Fraternizing with the enemy

Whereas inflation is SA´s public enemy No 1, SA accountant’s stable measuring unit assumption is public enemy No 2.

SA accountants proudly live up to their deserved reputation as trusted custodians of real value in the case of the constant items salaries and wages. They very responsibly admit that the real value of salaries and wages would be destroyed if the destruction of the real value of the unstable medium of exchange in SA, the always depreciating Rand, is not compensated for by valuing remuneration items in units of constant purchasing power; i.e., inflation-adjusting them in a low inflation environment. They vigorously reject the stable measuring unit assumption in the case of salaries and wages.

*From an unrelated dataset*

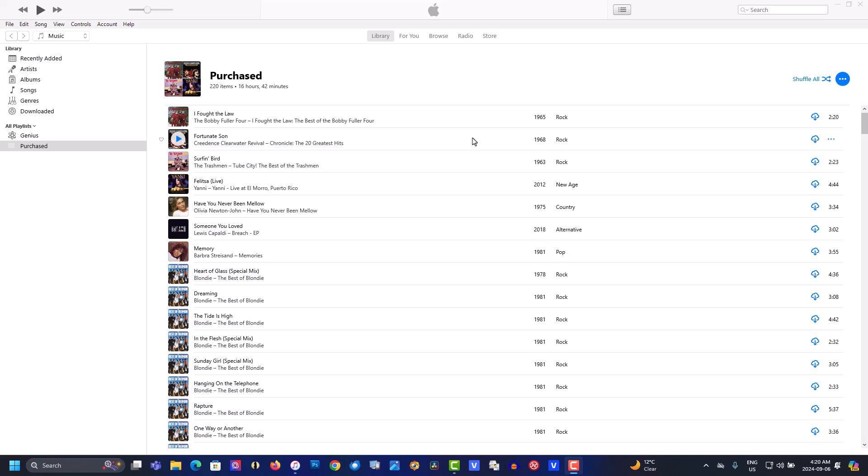The previous computer was a Windows 10 computer. Now we're importing the playlist to a Windows 11 computer with a brand new install of iTunes.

Retained Profits are constant items exactly the same as salaries and wages. When it comes to valuing Retained Profits and other balance sheet constant items, SA accountants slavishly follow their mentor’s advice and implement their very destructive stable measuring unit assumption whereby they now suddenly ASSUME that the Rand is perfectly stable and always had been perfectly stable. They refuse point blank to measure financial capital maintenance in units of constant purchasing power as the IASB has authorized them to do 20 years ago. They thus unknowingly and unintentionally destroy the real value of Retained Profits in all SA companies at a rate equal to the rate of inflation. Thus unnecessary destruction of real value in constant items never updated amounts to about R200 billion per annum in the SA real economy.

Financial capital maintenance in units of constant purchasing power as authorized by the IASB in the Framework, Par. 104 (a) in 1989 means inflation-adjusting all constant item accounts – income statement and balance sheet constant items – in a low inflation environment.